Otra de las maneras de asegurar el celo y el acatamiento a Figari era a través de cartas, como esta que llegó a mis manos, escrita en 1993 por Eduardo Regal, uno de los sodálites más cercanos a Luis Fernando Figari, y que fue dirigida –“para uso interno”– a la comunidad de San José Uno, donde vivía entonces el superior general. Estos son algunos extractos de la misiva:
“Una de las bendiciones que nos ha concedido (Dios) es la de vivir aquí, en San José, con Luis Fernando. Pero a veces, aunque parezca mentira, somos tan cortos de vista y con tal pobreza espiritual, que no somos capaces de tomar conciencia del don que significa vivir con quien el Señor en su providencia, ha llamado a ser fundador del Sodalitium (…) Luis Fernando ‘es símbolo de la unidad fraterna y requiere de tu apoyo, de tu caridad y de tu plegaria. Permítele que sea para ti como la presencia del Señor’ (tomado del reglamento de la comunidad). No permitamos que nuestros retrasos, negligencias, olvidos, dejadeces, inconsistencias, cansancios, tibiezas, murmuraciones internas, caprichos, miedos, egoísmos o críticas veladas, nos impidan vivir la obediencia como una auténtica bendición. Antes bien, vivamos cooperando activamente con él, saliendo al encuentro de sus iniciativas con prontitud y alegría (…) Acojamos con espíritu abierto la ayuda fraterna que nos brinda en la corrección (…) Tengamos siempre la certeza de que al obedecer nunca nos equivocamos (…) Con todos en la comunidad, más aún con Luis Fernando nuestro padre, fundador, hermano sodálite y amigo, vivamos la reverencia (…) Escuchemos a Luis Fernando con atención y recordando que el Espíritu Santo constantemente le da luces”.

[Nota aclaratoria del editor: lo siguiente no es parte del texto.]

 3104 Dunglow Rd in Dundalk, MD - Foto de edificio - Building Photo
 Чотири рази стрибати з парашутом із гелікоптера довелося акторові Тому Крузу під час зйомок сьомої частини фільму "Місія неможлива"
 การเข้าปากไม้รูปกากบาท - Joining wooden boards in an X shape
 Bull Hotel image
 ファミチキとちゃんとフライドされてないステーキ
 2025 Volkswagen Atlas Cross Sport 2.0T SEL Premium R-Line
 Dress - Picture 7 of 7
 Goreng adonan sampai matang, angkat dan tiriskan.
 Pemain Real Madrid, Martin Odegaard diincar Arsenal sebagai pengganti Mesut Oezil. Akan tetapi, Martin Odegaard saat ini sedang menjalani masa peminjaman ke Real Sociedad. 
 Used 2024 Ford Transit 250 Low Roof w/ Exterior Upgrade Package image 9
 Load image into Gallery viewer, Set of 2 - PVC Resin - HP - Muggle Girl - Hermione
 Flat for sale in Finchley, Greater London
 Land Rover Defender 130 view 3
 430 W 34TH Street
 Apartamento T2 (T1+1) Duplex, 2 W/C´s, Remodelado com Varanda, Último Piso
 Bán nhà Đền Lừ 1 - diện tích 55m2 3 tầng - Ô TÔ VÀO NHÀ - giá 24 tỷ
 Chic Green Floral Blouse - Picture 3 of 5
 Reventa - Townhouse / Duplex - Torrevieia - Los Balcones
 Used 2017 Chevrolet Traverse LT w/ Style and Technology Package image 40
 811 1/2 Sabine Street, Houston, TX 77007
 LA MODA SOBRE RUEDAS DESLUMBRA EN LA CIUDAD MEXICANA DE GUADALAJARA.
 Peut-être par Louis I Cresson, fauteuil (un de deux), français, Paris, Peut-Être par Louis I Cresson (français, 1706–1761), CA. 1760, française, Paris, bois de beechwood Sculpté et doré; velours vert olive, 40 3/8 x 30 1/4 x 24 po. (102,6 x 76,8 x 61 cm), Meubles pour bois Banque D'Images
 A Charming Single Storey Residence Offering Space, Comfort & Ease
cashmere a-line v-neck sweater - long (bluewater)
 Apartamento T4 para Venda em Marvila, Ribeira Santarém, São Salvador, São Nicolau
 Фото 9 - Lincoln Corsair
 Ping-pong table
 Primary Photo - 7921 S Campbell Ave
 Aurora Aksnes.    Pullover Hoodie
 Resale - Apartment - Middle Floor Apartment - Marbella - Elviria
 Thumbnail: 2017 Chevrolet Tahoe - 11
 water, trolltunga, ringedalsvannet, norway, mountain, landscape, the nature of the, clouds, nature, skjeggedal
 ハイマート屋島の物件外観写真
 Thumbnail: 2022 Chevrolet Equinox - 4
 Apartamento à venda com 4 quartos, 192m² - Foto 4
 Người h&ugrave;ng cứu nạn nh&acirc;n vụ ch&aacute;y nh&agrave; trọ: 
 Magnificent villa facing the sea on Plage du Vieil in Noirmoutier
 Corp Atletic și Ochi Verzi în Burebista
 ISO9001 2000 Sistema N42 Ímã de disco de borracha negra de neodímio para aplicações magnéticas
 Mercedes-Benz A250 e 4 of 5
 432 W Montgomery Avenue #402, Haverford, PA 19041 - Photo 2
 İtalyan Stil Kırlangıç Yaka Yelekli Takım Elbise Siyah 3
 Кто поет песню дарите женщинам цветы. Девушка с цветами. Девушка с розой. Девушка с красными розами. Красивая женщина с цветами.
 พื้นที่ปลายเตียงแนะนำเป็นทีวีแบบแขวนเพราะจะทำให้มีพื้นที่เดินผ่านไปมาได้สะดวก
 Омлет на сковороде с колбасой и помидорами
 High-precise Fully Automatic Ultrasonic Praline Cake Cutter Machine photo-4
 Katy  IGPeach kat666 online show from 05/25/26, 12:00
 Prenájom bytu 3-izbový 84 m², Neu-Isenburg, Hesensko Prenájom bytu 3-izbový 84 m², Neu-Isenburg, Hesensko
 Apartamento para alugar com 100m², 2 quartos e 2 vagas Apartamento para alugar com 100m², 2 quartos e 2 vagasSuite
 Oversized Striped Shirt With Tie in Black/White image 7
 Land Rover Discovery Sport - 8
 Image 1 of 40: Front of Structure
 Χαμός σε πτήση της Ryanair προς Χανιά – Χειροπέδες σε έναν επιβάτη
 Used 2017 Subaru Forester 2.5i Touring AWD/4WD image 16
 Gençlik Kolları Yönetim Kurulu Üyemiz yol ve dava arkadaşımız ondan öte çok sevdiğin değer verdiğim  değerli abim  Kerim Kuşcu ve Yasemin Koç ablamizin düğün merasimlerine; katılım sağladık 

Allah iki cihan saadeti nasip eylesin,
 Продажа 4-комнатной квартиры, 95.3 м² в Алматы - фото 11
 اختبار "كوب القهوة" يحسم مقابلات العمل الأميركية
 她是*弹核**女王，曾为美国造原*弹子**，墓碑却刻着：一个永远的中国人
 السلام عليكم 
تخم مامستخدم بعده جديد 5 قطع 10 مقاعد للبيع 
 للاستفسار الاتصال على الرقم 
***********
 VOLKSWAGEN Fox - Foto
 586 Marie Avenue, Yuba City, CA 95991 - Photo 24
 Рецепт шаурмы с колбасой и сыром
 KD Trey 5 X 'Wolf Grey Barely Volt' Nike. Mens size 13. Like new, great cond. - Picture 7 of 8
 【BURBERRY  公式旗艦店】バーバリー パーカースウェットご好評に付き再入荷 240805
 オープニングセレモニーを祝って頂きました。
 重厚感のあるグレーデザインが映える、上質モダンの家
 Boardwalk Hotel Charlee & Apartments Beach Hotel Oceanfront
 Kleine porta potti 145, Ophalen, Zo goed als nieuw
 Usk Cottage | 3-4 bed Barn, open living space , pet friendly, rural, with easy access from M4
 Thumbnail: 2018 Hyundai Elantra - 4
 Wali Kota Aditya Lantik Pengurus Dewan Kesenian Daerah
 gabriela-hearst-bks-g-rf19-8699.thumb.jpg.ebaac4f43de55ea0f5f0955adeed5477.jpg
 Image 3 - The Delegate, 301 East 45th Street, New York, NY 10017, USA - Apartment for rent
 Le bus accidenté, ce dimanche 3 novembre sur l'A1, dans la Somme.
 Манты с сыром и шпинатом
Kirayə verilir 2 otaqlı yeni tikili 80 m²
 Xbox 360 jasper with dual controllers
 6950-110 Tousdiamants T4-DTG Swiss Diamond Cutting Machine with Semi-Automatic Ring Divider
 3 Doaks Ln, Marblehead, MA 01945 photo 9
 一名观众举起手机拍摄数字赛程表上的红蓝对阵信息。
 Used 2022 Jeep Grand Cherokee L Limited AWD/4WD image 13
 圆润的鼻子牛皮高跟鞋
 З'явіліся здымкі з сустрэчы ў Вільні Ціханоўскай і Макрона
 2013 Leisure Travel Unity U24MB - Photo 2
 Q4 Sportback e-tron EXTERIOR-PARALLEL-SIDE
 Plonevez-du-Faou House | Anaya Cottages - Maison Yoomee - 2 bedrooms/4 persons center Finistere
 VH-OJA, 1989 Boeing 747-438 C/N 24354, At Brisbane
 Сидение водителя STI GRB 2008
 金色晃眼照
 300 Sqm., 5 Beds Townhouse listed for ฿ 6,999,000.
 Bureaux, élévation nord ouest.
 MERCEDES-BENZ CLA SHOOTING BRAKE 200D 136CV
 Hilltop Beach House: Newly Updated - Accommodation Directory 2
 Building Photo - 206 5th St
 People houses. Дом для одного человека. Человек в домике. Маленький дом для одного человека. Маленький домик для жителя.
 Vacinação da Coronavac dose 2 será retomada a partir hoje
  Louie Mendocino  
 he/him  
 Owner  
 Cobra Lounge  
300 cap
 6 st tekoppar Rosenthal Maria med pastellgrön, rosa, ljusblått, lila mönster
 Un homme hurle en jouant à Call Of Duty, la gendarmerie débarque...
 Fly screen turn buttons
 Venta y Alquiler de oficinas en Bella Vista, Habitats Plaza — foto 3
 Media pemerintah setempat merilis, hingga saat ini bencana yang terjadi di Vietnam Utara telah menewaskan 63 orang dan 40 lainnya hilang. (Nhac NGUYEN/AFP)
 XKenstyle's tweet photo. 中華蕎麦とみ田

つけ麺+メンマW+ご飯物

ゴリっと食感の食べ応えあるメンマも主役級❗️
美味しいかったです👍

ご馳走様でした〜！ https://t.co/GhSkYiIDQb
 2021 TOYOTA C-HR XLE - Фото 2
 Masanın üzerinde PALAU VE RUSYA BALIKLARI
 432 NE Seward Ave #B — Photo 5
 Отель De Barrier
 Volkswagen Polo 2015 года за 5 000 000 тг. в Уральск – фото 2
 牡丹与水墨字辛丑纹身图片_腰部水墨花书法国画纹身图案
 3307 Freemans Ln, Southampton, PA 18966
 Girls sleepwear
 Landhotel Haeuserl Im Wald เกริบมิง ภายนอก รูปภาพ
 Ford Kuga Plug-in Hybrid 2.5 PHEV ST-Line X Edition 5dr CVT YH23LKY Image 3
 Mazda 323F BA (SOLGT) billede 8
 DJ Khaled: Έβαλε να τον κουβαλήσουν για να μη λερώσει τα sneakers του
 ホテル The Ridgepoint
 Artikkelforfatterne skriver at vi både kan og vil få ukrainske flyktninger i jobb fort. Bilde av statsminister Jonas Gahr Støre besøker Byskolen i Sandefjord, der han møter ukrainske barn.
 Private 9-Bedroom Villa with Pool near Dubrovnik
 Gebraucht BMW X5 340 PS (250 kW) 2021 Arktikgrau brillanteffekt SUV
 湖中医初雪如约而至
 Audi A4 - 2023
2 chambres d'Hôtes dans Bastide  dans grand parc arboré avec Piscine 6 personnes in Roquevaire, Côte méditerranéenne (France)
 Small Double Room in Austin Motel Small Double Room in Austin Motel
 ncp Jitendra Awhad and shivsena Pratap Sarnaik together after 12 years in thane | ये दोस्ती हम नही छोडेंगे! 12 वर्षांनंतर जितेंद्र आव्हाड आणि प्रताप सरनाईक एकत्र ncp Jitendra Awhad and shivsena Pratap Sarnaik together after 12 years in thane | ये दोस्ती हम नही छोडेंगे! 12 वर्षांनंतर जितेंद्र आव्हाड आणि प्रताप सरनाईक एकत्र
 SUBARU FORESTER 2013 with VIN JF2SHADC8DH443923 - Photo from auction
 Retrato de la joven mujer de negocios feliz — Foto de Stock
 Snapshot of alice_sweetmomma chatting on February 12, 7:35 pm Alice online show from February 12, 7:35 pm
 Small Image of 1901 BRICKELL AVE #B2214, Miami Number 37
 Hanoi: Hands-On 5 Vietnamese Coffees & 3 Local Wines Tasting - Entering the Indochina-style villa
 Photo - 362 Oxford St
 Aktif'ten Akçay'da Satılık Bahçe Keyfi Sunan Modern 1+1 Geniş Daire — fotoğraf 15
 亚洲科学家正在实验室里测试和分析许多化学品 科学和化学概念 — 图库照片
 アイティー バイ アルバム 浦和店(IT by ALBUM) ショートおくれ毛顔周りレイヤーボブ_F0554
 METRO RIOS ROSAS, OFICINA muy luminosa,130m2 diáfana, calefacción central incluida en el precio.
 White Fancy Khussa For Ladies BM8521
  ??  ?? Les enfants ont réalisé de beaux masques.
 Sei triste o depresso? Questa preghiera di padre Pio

Y así, con este tipo de mensajes, revestidos de citas bíblicas y fantasías exaltadas, Figari se convirtió en un semidiós para sus fieles. Él resolvía todas las dudas, constituyéndose en un insustituible guía, instalándose en las conciencias de cada uno de sus adeptos, quienes le tomaron en serio y llegaron a apreciarlo como un visionario, como un ser superior, pero en el camino, sin que se den cuenta, Figari los fue dominando y abusando de ellos, “sin otro límite que el dictado por su propio capricho”, como diría el español Pepe Rodríguez. Pues sus decisiones y veredictos no admitían discusión, titubeos, ni cambios.
Ello le duró cuarenta años. Cuarenta largos años de mitificación de su figura que alimentaron su espíritu narcisista, la atribución alharaquienta de méritos propios e infravaloración de los ajenos, su ego insaciable y retorcido, la explotación de los demás para su provecho, sus desvaríos de poder, la arrogancia hiperbólica, su incapacidad de asumir errores propios, la necesidad de tener un alto grado de control sobre sus subalternos, su pensamiento paranoide, la megalomanía descontrolada.
Y como resultado de este liderazgo perverso y retorcido, tenemos ahora lo que se conoce por el periodismo: abuso de poder en todas sus formas y manifestaciones. Abusos que van desde el maltrato psicológico y físico hasta el sometimiento sexual de sus partidarios-víctimas.
Porque a ver. El perfil de Figari responde, por donde se le mire, al de un líder sectario. Al de alguien que se concentra en destruir las creencias anteriores de sus discípulos, aplicando psicología básica y técnicas de persuasión coercitiva para producir ‘lavados de cerebro’ y poder controlar a sus sodálites sin que estos se den cuenta de lo que les está pasando. Y ya vieron. Figari no tiene ningún escrúpulo en jugar con la fe religiosa, las buenas intenciones y la búsqueda de valores espirituales.